Zheng Min, Geng Yangliao, Li Qingyong
Beijing Key Lab of Traffic Data Analysis and Mining, Beijing Jiaotong University, Beijing 100044, China.
Entropy (Basel). 2022 Jan 20;24(2):156. doi: 10.3390/e24020156.
Fine-grained image retrieval aims at searching relevant images among fine-grained classes given a query. The main difficulty of this task derives from the small interclass distinction and the large intraclass variance of fine-grained images, posing severe challenges to the methods that only resort to global or local features. In this paper, we propose a novel fine-grained image retrieval method, where global-local aware feature representation is learned. Specifically, the global feature is extracted by selecting the most relevant deep descriptors. Meanwhile, we explore the intrinsic relationship of different parts via the frequent pattern mining, thus obtaining the representative local feature. Further, an aggregation feature that learns global-local aware feature representation is designed. Consequently, the discriminative ability among different fine-grained classes is enhanced. We evaluate the proposed method on five popular fine-grained datasets. Extensive experimental results demonstrate that the performance of fine-grained image retrieval is improved with the proposed global-local aware representation.

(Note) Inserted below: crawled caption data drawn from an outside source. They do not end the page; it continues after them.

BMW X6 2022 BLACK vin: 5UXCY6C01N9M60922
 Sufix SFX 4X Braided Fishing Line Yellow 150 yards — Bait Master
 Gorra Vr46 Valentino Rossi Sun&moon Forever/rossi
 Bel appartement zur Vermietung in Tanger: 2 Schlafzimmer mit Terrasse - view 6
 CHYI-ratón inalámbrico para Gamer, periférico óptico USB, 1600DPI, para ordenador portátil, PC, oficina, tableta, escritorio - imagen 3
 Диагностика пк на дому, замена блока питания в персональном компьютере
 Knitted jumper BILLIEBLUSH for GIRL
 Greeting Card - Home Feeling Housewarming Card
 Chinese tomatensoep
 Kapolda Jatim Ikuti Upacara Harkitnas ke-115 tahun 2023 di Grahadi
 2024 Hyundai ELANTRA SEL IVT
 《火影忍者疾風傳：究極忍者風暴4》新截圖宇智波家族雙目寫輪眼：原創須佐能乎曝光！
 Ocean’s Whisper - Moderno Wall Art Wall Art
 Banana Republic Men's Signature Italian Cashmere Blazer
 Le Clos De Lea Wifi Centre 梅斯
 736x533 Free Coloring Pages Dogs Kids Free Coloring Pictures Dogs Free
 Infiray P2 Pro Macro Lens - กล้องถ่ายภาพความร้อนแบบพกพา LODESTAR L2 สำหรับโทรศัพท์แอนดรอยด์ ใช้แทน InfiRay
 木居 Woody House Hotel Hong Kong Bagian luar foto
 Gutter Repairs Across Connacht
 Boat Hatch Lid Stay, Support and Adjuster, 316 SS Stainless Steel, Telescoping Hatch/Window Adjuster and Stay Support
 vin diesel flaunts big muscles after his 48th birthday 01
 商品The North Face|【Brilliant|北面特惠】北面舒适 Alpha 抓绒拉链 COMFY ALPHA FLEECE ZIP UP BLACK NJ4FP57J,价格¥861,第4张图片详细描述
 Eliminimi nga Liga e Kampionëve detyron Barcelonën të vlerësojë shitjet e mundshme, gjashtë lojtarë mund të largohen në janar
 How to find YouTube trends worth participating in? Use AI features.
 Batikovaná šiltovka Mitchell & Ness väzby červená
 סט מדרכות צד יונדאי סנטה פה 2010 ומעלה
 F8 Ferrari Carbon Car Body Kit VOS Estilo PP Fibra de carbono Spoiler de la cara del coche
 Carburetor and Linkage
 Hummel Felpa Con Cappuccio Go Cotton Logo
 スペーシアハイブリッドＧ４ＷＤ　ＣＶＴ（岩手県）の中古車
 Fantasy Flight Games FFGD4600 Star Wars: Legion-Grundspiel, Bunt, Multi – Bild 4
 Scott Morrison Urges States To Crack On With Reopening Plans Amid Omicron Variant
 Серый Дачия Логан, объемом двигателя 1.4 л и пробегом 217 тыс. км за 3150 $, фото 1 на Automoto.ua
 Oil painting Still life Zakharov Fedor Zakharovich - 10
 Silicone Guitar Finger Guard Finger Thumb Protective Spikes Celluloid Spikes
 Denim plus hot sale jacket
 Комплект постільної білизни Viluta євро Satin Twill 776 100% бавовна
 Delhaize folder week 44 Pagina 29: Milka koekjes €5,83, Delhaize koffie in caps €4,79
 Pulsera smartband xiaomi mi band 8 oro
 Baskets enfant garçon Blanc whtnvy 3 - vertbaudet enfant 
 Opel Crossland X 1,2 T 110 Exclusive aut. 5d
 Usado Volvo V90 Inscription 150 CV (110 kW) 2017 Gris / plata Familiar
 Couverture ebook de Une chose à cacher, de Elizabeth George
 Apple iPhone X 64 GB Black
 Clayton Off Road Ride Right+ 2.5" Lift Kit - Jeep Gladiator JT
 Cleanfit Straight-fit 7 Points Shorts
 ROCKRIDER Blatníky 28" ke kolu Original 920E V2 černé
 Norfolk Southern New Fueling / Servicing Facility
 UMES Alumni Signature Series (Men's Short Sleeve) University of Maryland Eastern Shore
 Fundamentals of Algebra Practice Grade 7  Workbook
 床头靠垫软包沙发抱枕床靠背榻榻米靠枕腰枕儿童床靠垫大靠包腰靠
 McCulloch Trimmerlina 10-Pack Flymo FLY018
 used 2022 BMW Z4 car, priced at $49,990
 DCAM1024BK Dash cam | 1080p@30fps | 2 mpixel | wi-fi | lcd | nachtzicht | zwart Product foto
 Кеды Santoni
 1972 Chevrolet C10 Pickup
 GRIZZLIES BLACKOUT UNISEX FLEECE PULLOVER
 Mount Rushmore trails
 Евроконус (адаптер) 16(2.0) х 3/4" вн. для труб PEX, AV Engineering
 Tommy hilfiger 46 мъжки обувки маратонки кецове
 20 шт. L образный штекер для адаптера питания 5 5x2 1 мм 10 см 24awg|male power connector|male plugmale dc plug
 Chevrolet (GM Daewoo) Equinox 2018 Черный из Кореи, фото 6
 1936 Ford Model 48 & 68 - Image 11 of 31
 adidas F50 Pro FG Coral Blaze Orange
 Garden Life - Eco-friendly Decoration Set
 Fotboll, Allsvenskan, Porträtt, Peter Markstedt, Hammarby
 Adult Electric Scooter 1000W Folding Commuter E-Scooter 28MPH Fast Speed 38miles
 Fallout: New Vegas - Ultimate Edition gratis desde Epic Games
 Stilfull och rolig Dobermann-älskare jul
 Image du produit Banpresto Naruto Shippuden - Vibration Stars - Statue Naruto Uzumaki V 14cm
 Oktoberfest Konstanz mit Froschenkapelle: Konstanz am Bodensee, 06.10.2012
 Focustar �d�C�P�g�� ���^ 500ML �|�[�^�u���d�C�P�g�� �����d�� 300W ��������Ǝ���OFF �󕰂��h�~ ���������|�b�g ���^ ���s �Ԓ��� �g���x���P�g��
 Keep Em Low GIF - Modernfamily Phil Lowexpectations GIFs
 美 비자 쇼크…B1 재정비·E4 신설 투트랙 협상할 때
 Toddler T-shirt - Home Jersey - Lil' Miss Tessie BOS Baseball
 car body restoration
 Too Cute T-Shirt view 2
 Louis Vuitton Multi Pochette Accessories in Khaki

细粒度图像检索旨在给定一个查询的情况下,在细粒度类别中搜索相关图像。这项任务的主要困难源于细粒度图像的类间差异小和类内方差大,这给仅依靠全局或局部特征的方法带来了严峻挑战。在本文中,我们提出了一种新颖的细粒度图像检索方法,该方法学习全局-局部感知特征表示。具体而言,通过选择最相关的深度描述符来提取全局特征。同时,我们通过频繁模式挖掘探索不同部分的内在关系,从而获得具有代表性的局部特征。此外,还设计了一种学习全局-局部感知特征表示的聚合特征。因此,增强了不同细粒度类别之间的判别能力。我们在五个流行的细粒度数据集上评估了所提出的方法。大量实验结果表明,所提出的全局-局部感知表示提高了细粒度图像检索的性能。